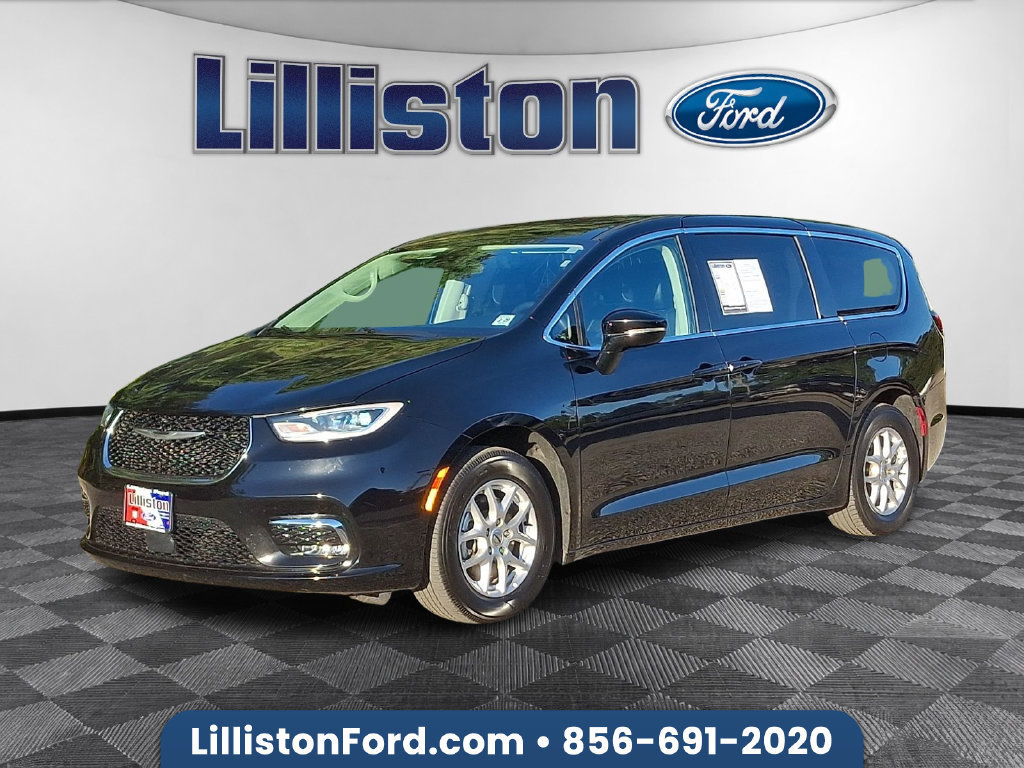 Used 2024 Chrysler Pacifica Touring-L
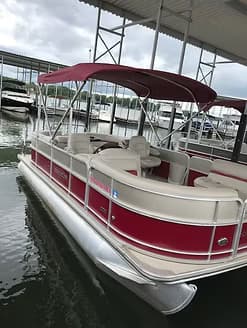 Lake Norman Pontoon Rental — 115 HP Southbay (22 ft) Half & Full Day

◇ ◇ ◇ ◇

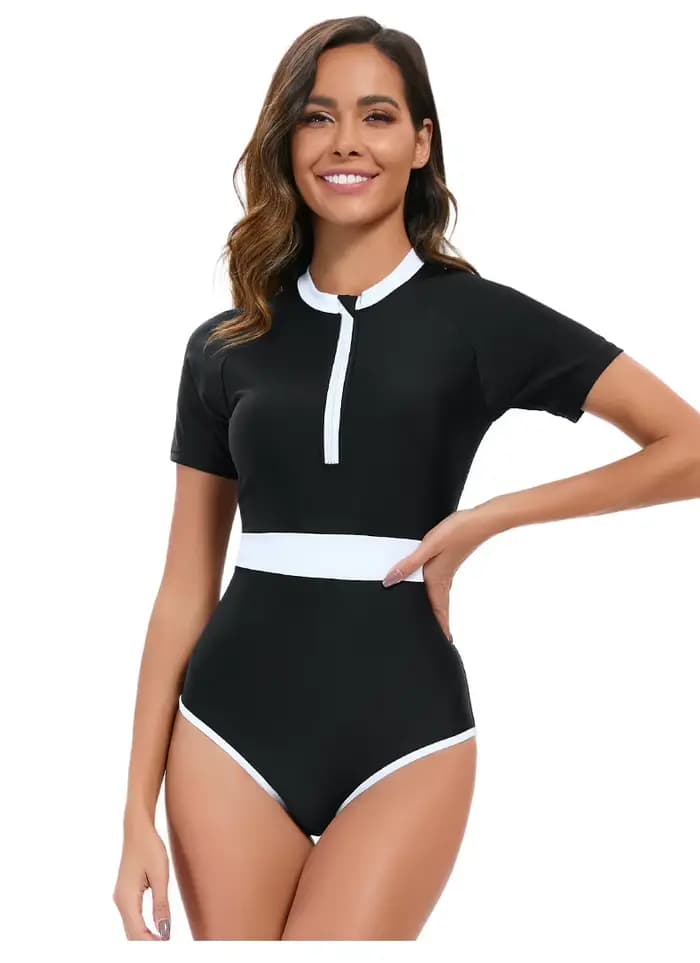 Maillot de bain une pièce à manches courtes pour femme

◇ ◇ ◇ ◇

Using the records above, repeat exactly the run of lines that starts with the line with "Used 2024 Chrysler Pacifica Touring-L" and goes on through the line with "Lake Norman Pontoon"; omit each picture.

Task answer
 Used 2024 Chrysler Pacifica Touring-L
 Lake Norman Pontoon Rental — 115 HP Southbay (22 ft) Half & Full Day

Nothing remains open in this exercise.